◆ **Data provided**
=== Begin Enclosure ===

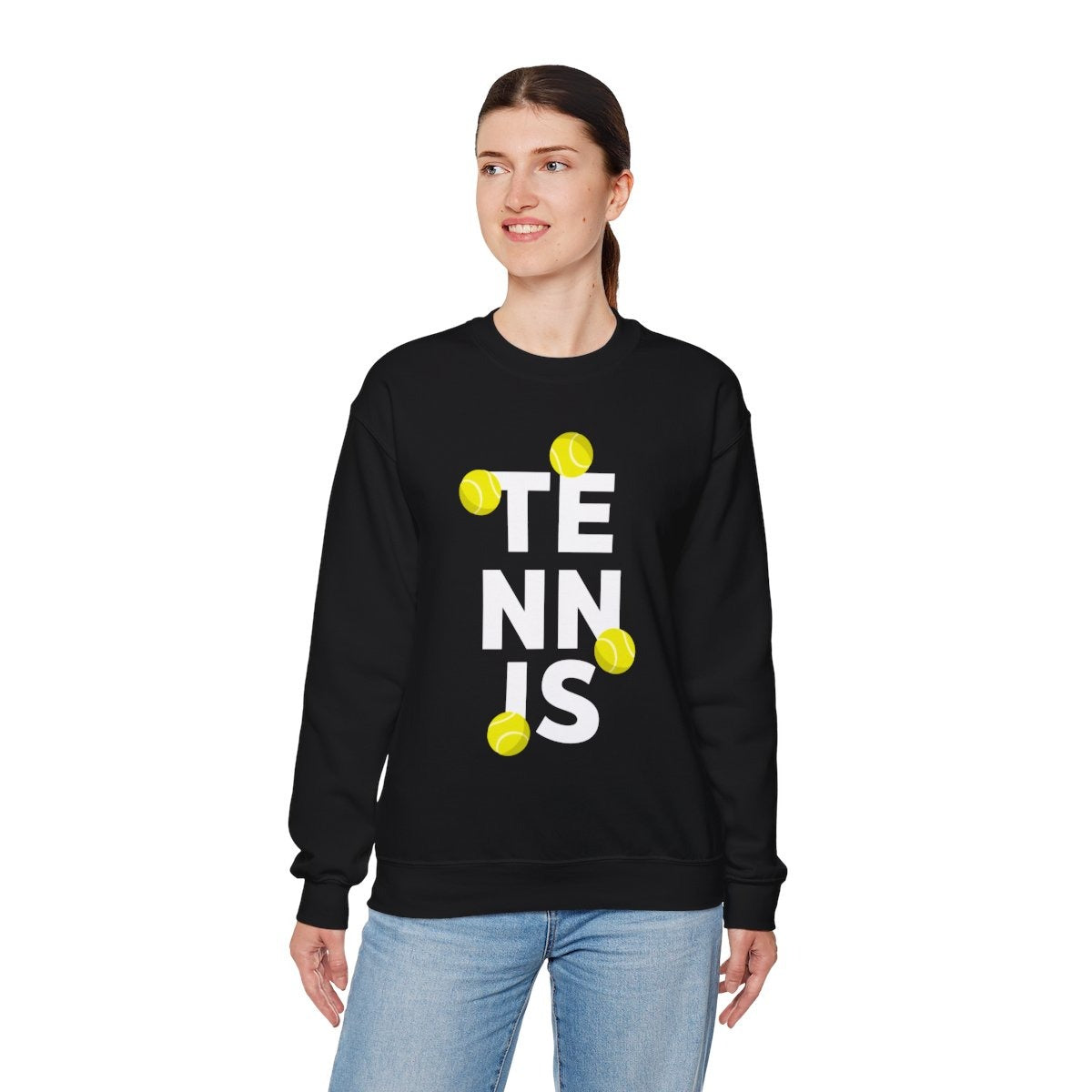 OUT - Tennis Sweatshirt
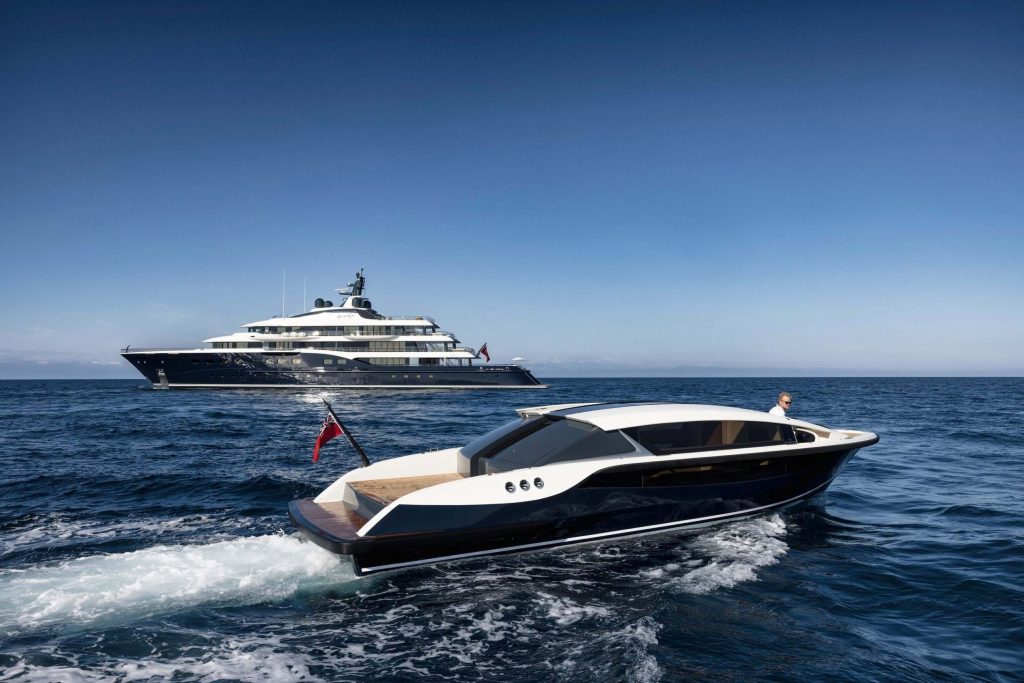 89m Amels superyacht Here Comes the Sun sold YachtDealz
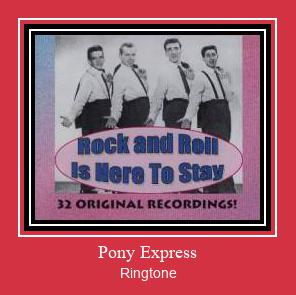 Pony Express Ringtone Download Besplatno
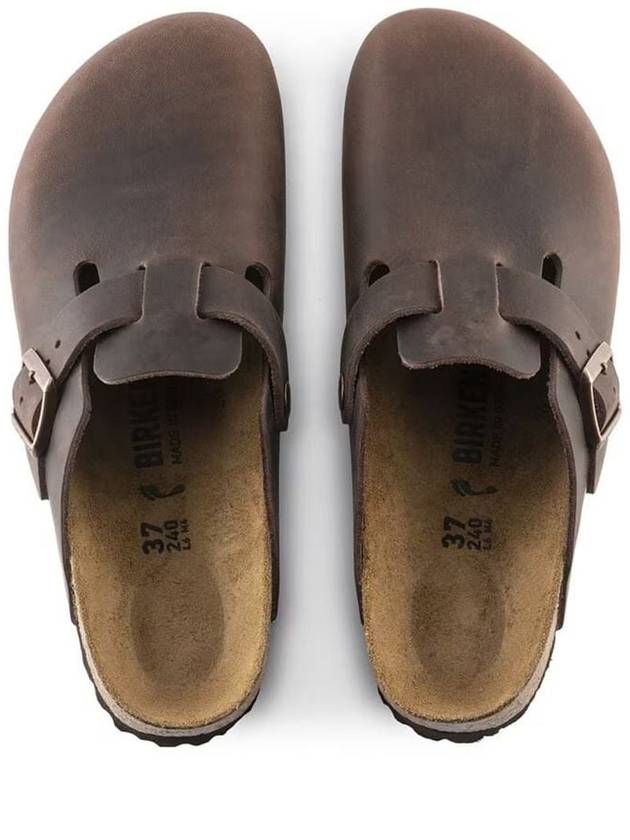 Birkenstock Boston Shoes - BIRKENSTOCK - BALAAN 3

=== End Enclosure ===

◆ **What is expected**
Apart from the images, reproduce the listing exactly as it appears.

◆ **Expected answer**
 OUT - Tennis Sweatshirt
 89m Amels superyacht Here Comes the Sun sold YachtDealz
 Pony Express Ringtone Download Besplatno
 Birkenstock Boston Shoes - BIRKENSTOCK - BALAAN 3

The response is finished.